“Hummuch you ax fuh him?”
“Five cents a pound.”
“Gimme ten cent’ wut.”
The flour and the salt would come within the encircling arms, fifteen cents be counted out, and all transactions suspended until the two cents change was returned to her.
“Wuh kinduh tubackuh you got?”
Two or three samples of plug tobacco, the only sort in common use, would be offered for inspection, and perhaps the advice of a colored sister asked before deciding upon a selection.
By the time the dollar was expended, the clerk had walked a hundred yards or so, had used up lots of brown paper and paper twine and had had his patience sorely tried, but he charged liberally for his time and trouble, and the poor darkey got far less than she paid for.
In the funny columns of Northern periodicals, and in the immemorial minstrel jokes and songs, the negro not only steals chickens, but eats them.
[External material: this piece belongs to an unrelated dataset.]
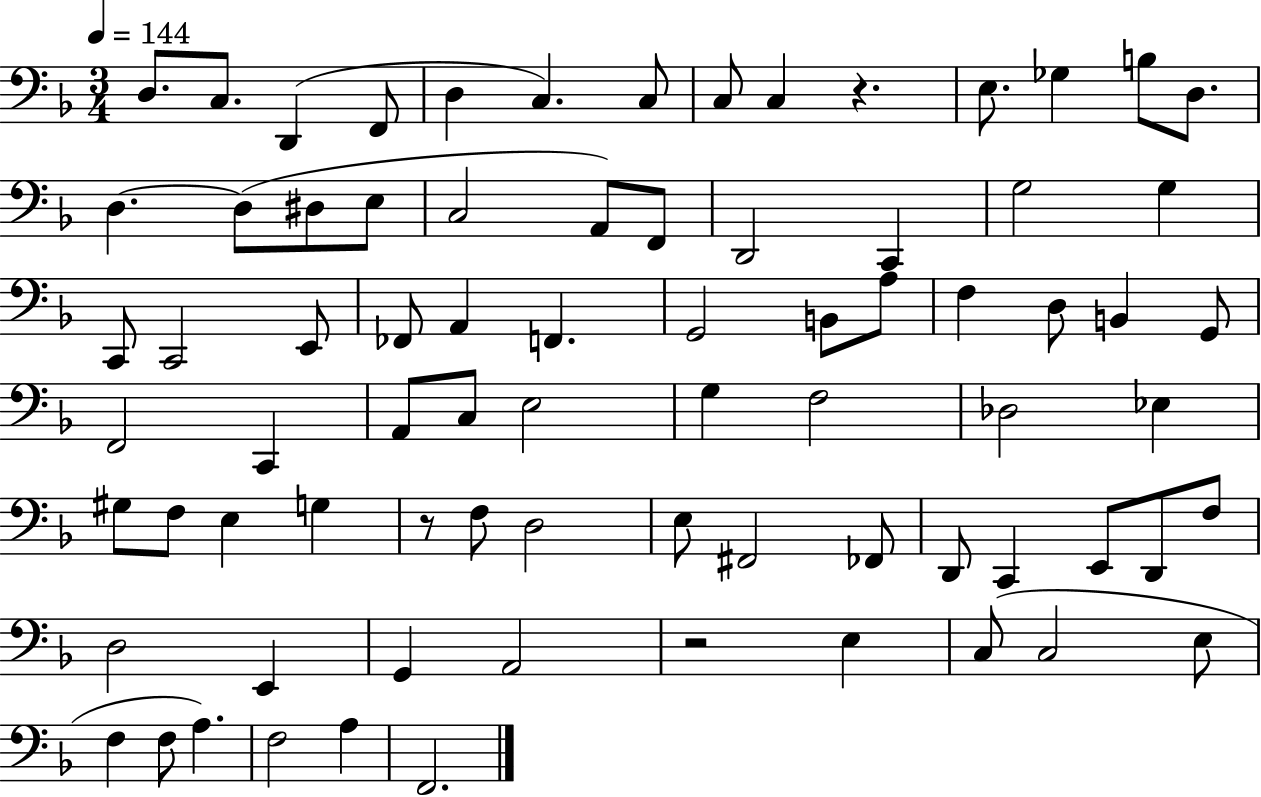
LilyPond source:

The low-country negroes, however, while all of them keep chickens, seldom, if ever, eat them, the coarsest fat bacon being far more to the negro’s taste than the juiciest broiler. Then, too, eggs and chickens are currency in most negro communities and can always be converted into cash at the country store or at the back door of the nearest white family.
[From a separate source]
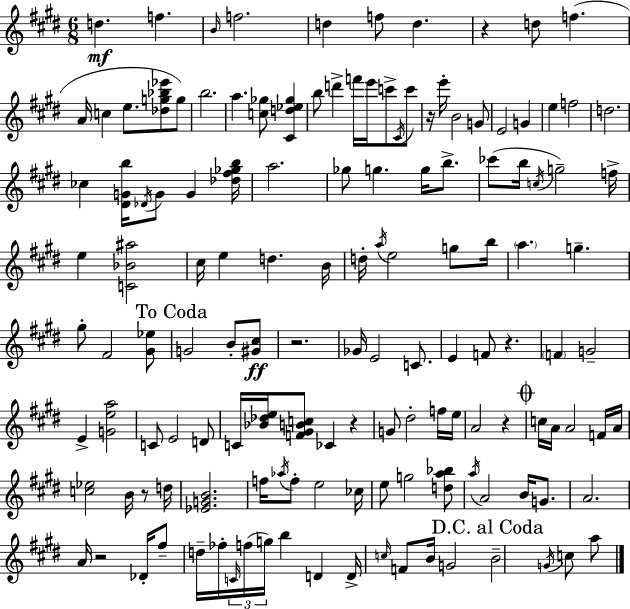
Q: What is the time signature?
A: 6/8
The country negroes on the coast still speak of “fo’punce” chickens and “seb’npunce” chickens, meaning the sizes that were sold for four pence and seven pence respectively before the Revolution, when British coinage was the currency of the country.
“Gal, ketch da’ seb’npunce chickin en’ dem t’ree fo’punce chickin’ en tek dese’yuh six aig’, en’ tek’um to de Cross Road’, en’ buy de six aig’ wut’uh tubackuh en’ de seb’npunce chickin wut’uh flour, en’ one de fo’punce chickin’ wut’uh sugar, en’ norruh one uh de fo’punce chickin’ wut’uh side meat, en’ de todduh fo’punce chickin wut’uh muhlassis, en’ tek dish’yuh bucket fuh fetch’um een, en’ don’ ’low de buckruh fuh cheat you, en’ tie de aig’ een yo’ hengkitchuh, en’ tie all fo’ de fowl’ foot so dem cyan’ git’way, en’ hol’um een yo’ ap’un, en’ don’ stay duh sto’ too long, en’ w’en you tek de chickin’ out de ap’un, hol’um by ’e two foot fuh mek ’e head heng down, so ’e wing’ kin ’pread out fuh mek’um look big so de buckruh t’ink suh de fo’punce chickin’ duh seb’npunce chickin’, en’ w’en de buckruh po’ out de muhlassis, mek’um fuh po’rum ’tell de muhlassis stop run out de medjuh, ’cause ef you ent watch’um ’e sho’ fuh lef’ some een de quawt cup, en’ w’en you come back duh night’time, walk middle’uh de paat’, ’cause ’e rain’ teday en’ toadfrog does jump ’bout w’en de ground en’ t’ing wet, en’ moccasin does folluhr’um fuh ketch’um, en’ uh yent wan’ you fuh git ’structed by no snake duh paat’.”